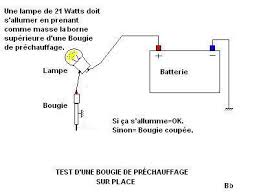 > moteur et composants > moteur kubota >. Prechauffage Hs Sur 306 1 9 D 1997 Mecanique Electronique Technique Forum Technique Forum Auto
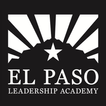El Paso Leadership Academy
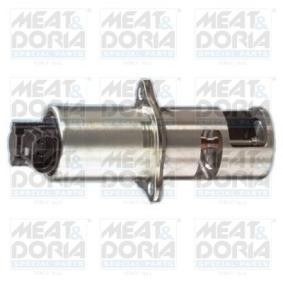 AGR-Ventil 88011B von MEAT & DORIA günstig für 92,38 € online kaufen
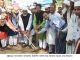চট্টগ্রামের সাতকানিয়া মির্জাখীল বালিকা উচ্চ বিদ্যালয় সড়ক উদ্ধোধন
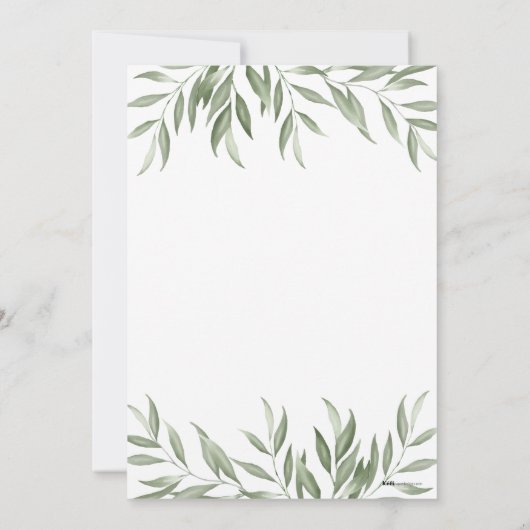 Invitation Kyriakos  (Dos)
——————
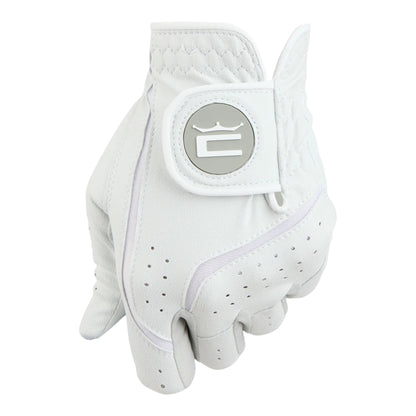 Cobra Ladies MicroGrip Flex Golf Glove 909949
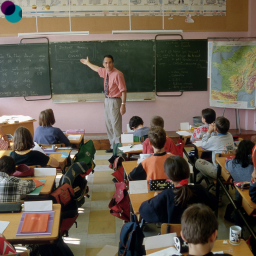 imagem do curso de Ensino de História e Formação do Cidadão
——————
Without the pictures, set down the lines above from the line with "Cobra Ladies MicroGrip" up to and including the line with "imagem do curso" exactly as they stand.

 Cobra Ladies MicroGrip Flex Golf Glove 909949
 imagem do curso de Ensino de História e Formação do Cidadão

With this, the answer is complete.